Hello hello!! First of all, I want to express my gratitude to you for visiting my blog. Existing for More was an idea that came to me one day while driving home from work. It didn’t have a name or even a purpose, but I could tell God was leading me somewhere. I said out loud “Blogging? Really?” But, as I continued to process I began to realize how beneficial other bloggers are for me in my journey. Whether the topic is fitness, nutrition, marriage or just being a Godly woman, I love learning from others. So I thought: Maybe I should share some experiences too.
I have a strong desire to be in community with like-minded people, specifically women, but for most of my life, I didn’t live in a way that made that possible. I was empty with a thirst that nothing in this world could quench. This emptiness took me deeper into alcoholism which led to dark places with dark people. It was a lonely life that I wouldn’t wish on my worst enemy. On the outside, for the most part, everything seemed fine. But inside, I was kind of ready to just be done with this life. God has proven on more than one occasion, He isn’t even close to finished with me!
I hope this blog will help build community among females whose desires are similar to mine. Those who know we were put here for more and who are choosing to passionately pursue whatever more looks like.
What It’s All About
This blog is simply my experiences with God, faith, addiction, food, fitness, family and how they shaped the woman I am today. My sole purpose is to provide hope and support by sharing these things. All I can offer is common life struggles and situations and how I’ve learned from them. You might also get some ideas of new things to try (nutrition or fitness related or possibly ideas for your marriage or spiritual growth) and hopefully you’ll feel less alone in life and find community, either here or, within your own town, workplace, church, circle of friends.
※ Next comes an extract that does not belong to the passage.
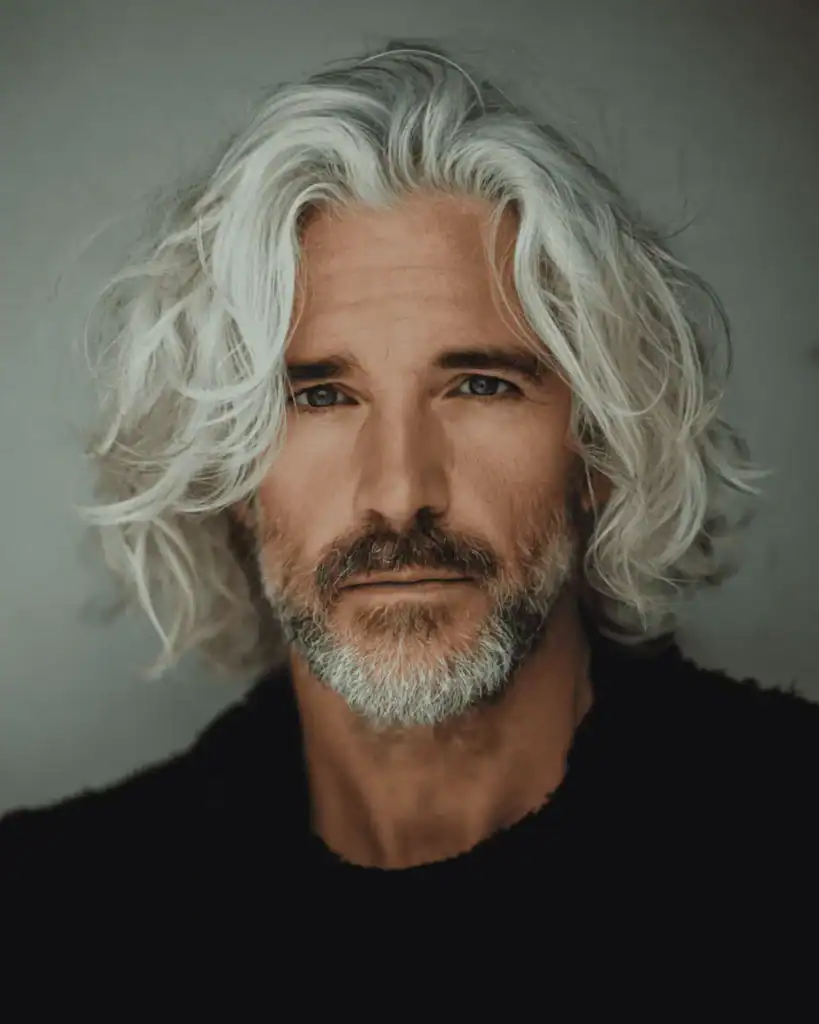 A portrait of a rugged older man with shoulder-length layered silver hair, featuring loose waves that frame the face to soften angular features.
I don’t claim to have expertise in the area of doing life, but I do have are a lot of examples of what didn’t work for me. I believe in sharing and being authentic because you never know who might benefit from hearing your experiences. My husband will tell you I’m strong willed, loud and extremely passionate about what I do and don’t believe in. These are my best qualities, and also my worst.
From struggles with alcohol, walking away from God, being on the outs with my family, unhealthy relationship with food and constantly going from one extreme to the other, I’ve had to learn some tough lessons. Unfortunately, pain is usually the best motivator for me to try something different.
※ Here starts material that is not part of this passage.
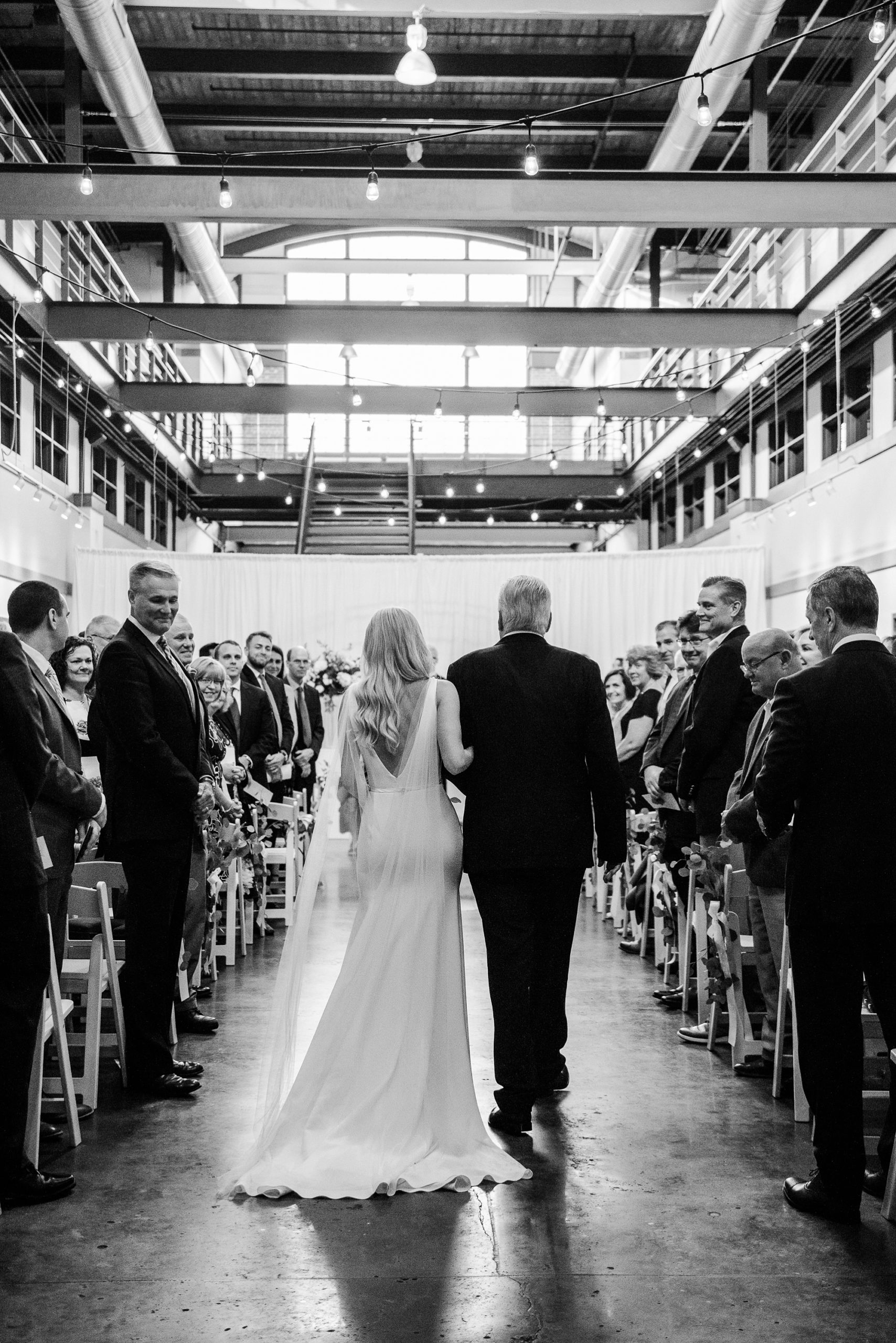 bride walks down aisle with dad at Design Center Atrium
I wish I could say my life immediately got better when I got sober in December 2008 at the age of 23. But unfortunately, that was not the case. I was done drinking, but I was not done running life my way. For the next few years, I continued pounding the square peg into the round hole. I did not take care of myself physically, mentally, emotionally, or spiritually.
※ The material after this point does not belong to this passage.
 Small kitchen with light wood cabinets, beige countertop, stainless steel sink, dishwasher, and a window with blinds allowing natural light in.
What I learned is that I had a God size hole in my heart that no amount of money, sex, possessions, food, or substances could fill. I need God. And with Him, I can truly experience life. I don’t do it perfectly, or even well sometimes, but the key for me is learning from my mistakes and also from those who came before me.
In February of 2012, I went on my last first date with a handsome young man; on May 6, he asked me to be his wife. We were married in November – roughly 9 months after that first date. It hasn’t been perfect, but I wouldn’t want to do life with anyone other than Seth.
I was nervous to present him with my idea for this blog (I come up with lots of… projects). But from the moment I finished explaining, I had his support. So we are embarking on this journey together and who knows, you may hear from him time to time.
Whether your interest is fitness, food, God, single life or marriage, I have some stories to share.